RECORDS SHOWN
↓↓↓

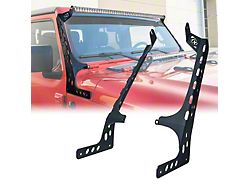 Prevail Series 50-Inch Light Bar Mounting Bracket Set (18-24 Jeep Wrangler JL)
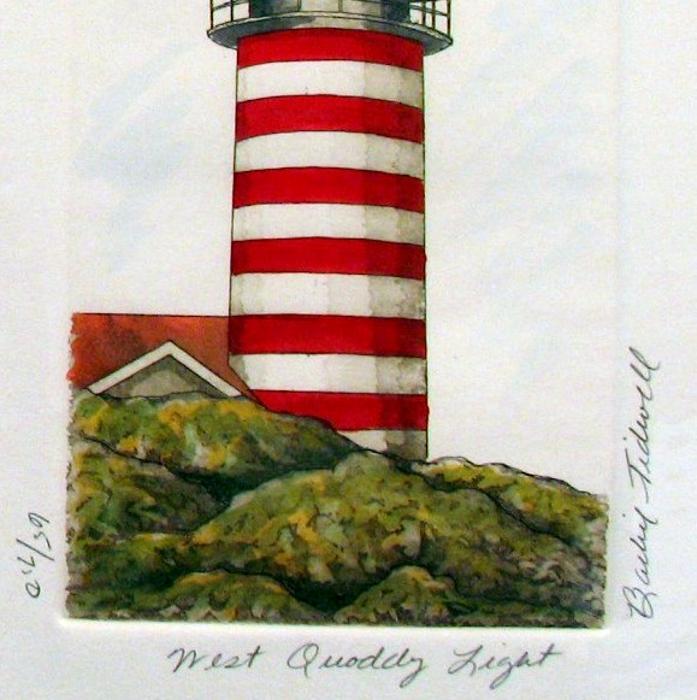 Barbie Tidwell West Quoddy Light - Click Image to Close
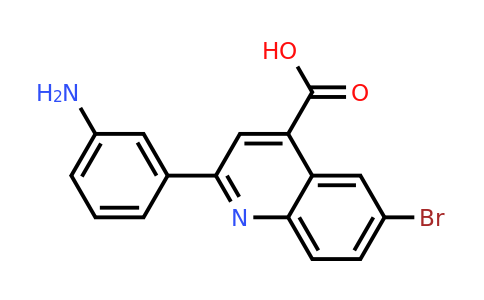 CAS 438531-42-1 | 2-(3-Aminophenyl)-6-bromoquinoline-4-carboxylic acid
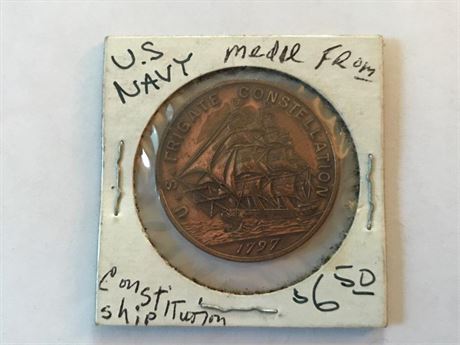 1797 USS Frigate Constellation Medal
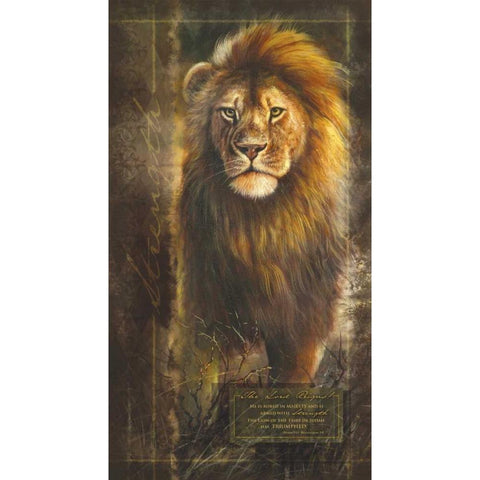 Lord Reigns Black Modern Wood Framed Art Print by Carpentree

↑↑↑

DESCRIPTION OF THE TASK
Please reproduce verbatim the lines from the line with "1797 USS Frigate Constellation Medal" through the final line of the listing, inclusive of both ends. Omit all pictures.

EXERCISE RESULT
 1797 USS Frigate Constellation Medal
 Lord Reigns Black Modern Wood Framed Art Print by Carpentree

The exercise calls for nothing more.